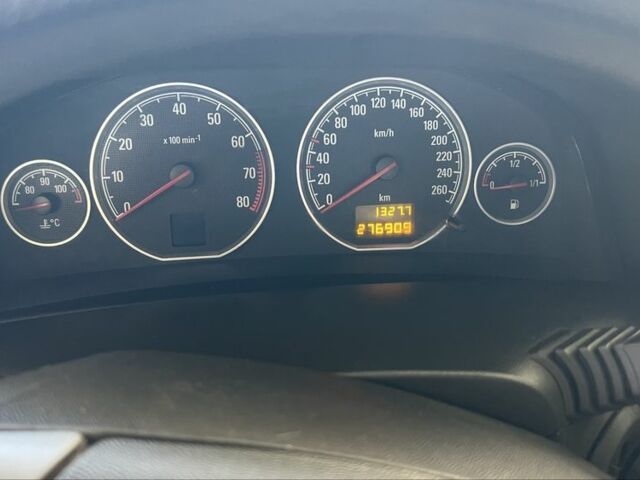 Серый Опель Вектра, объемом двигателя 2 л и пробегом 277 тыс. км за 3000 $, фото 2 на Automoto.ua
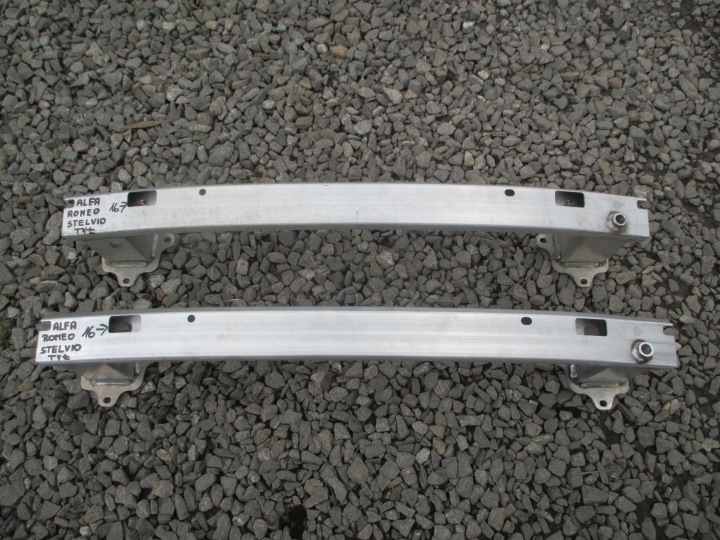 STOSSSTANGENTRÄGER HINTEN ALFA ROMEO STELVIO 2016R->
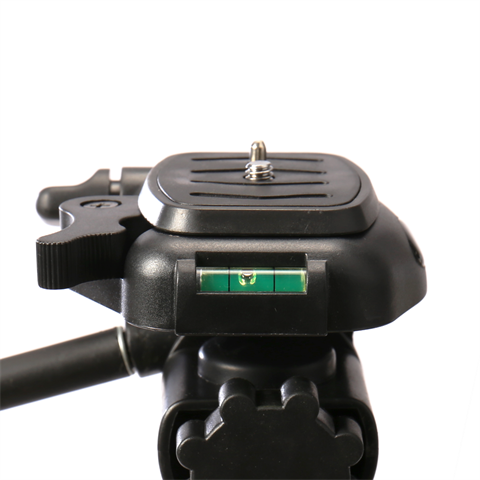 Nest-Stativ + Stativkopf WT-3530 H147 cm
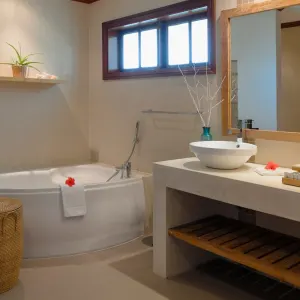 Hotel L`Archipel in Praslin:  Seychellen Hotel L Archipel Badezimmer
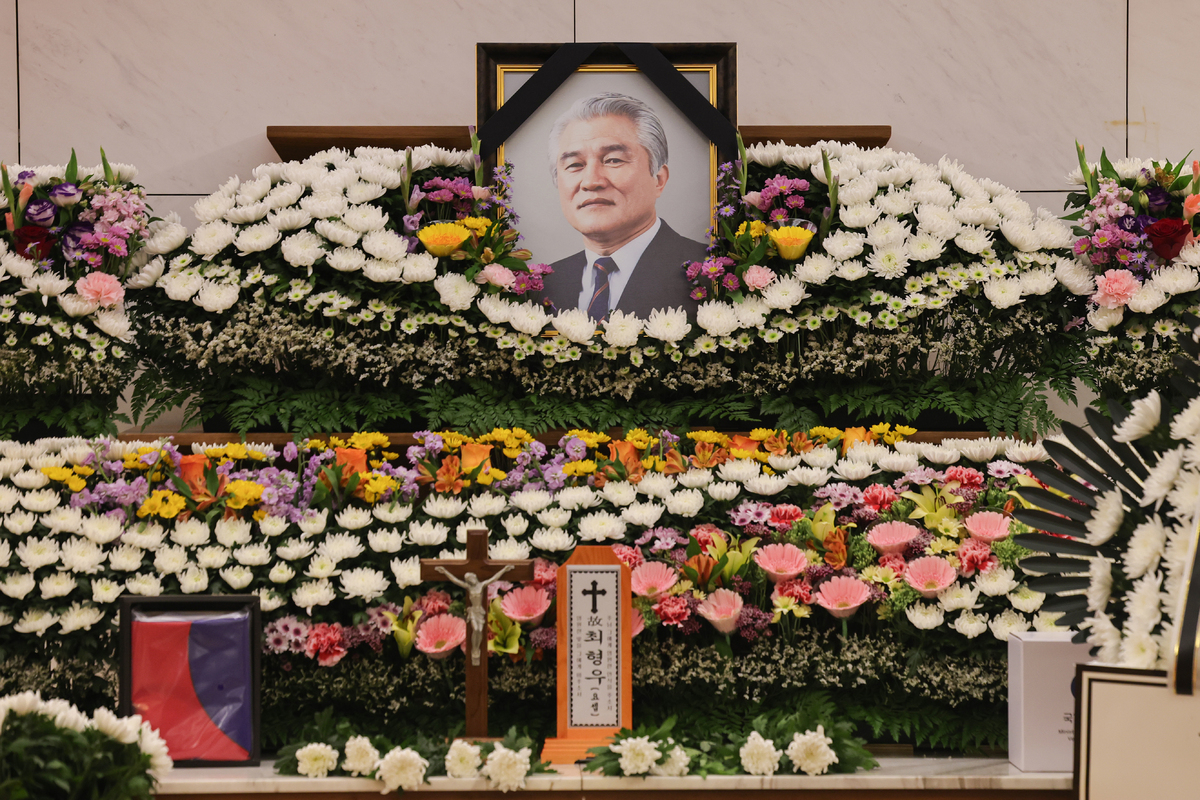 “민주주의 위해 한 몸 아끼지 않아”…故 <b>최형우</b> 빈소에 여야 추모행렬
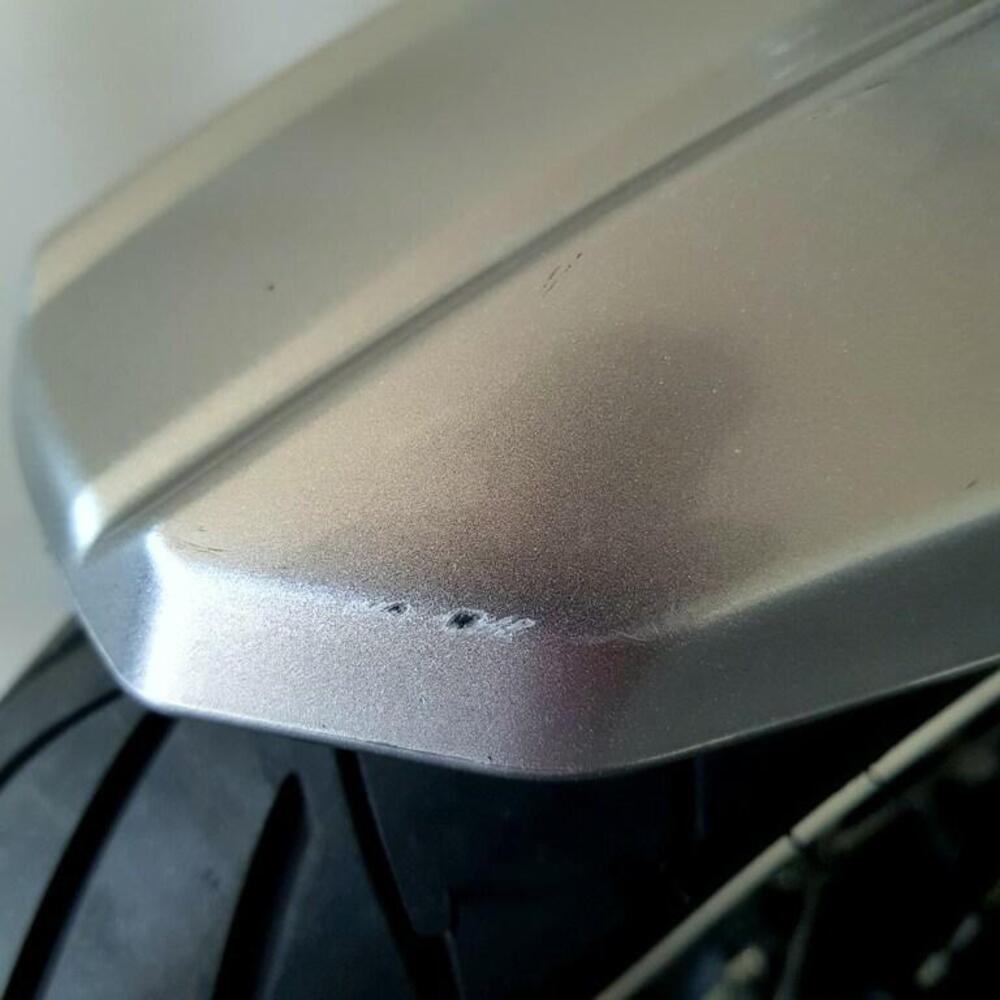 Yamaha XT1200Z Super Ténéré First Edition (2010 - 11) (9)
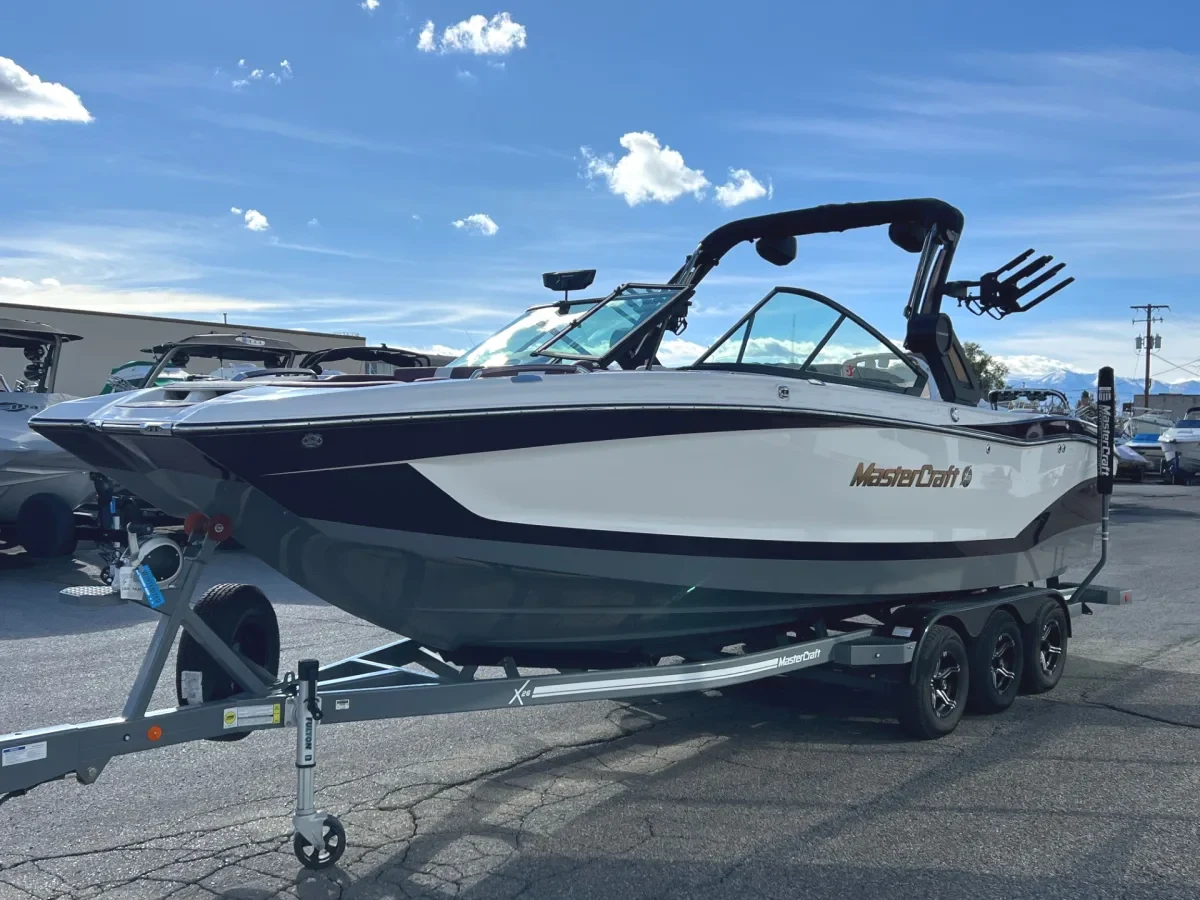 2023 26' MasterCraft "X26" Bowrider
---
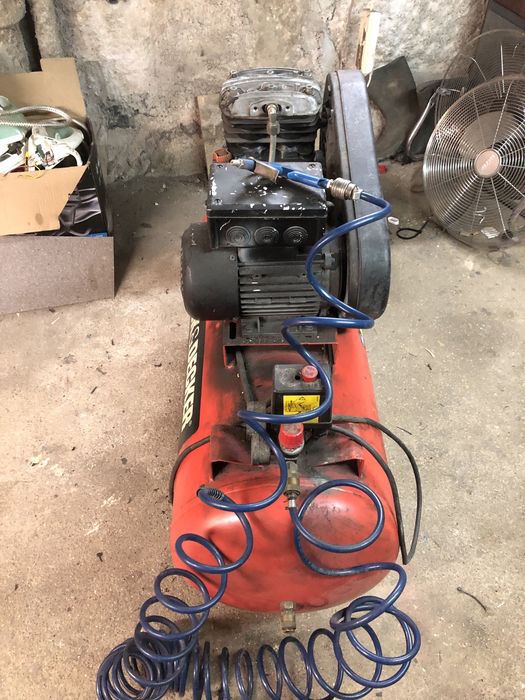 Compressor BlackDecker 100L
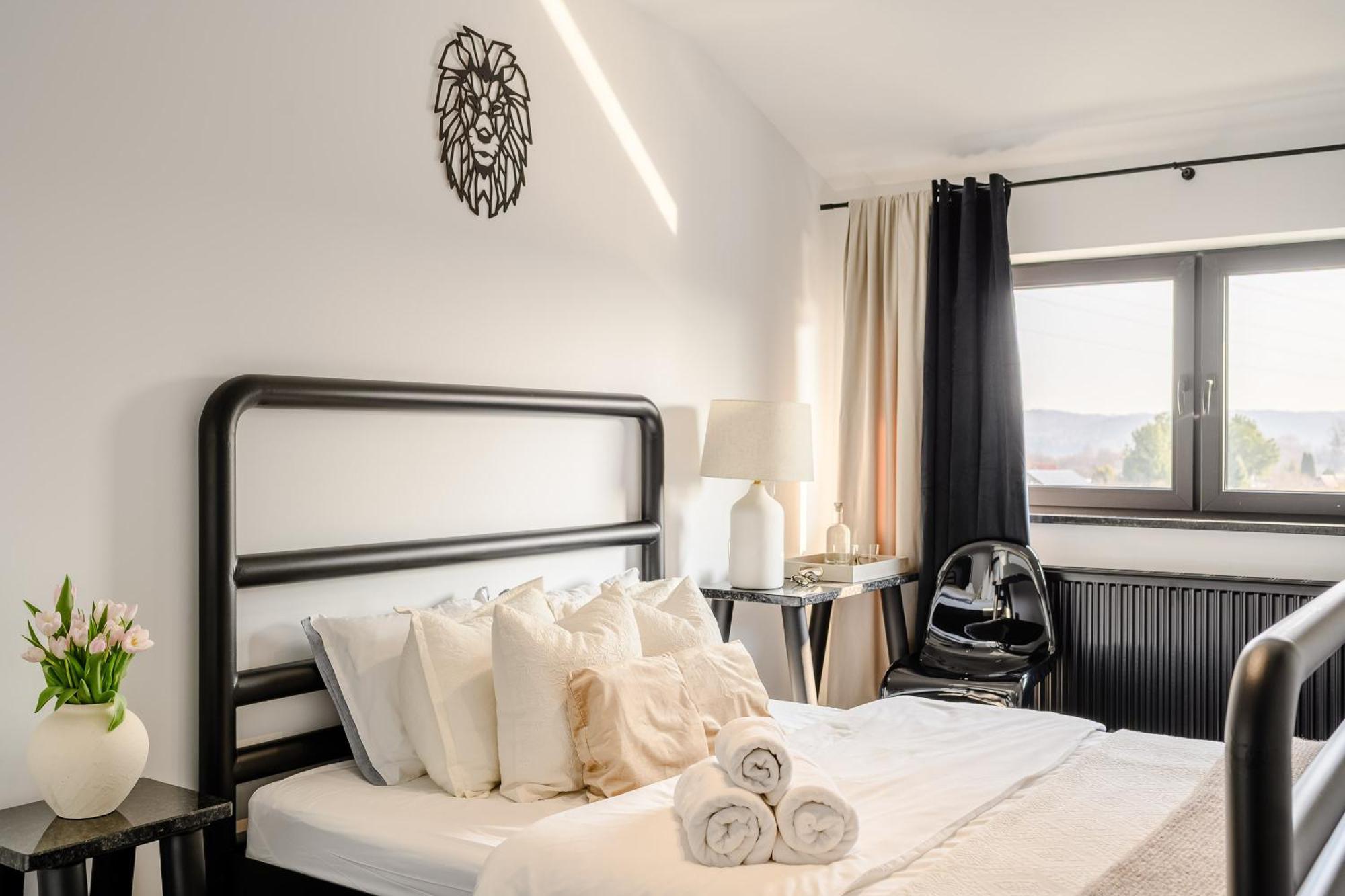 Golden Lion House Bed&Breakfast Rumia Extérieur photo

Your task: Output exactly the lines above that lie between the line with "Серый Опель Вектра, объемом" and the line with "2023 26' MasterCraft", those two lines included, and no pictures.

Output below:
 Серый Опель Вектра, объемом двигателя 2 л и пробегом 277 тыс. км за 3000 $, фото 2 на Automoto.ua
 STOSSSTANGENTRÄGER HINTEN ALFA ROMEO STELVIO 2016R->
 Nest-Stativ + Stativkopf WT-3530 H147 cm
 Hotel L`Archipel in Praslin:  Seychellen Hotel L Archipel Badezimmer
 “민주주의 위해 한 몸 아끼지 않아”…故 <b>최형우</b> 빈소에 여야 추모행렬
 Yamaha XT1200Z Super Ténéré First Edition (2010 - 11) (9)
 2023 26' MasterCraft "X26" Bowrider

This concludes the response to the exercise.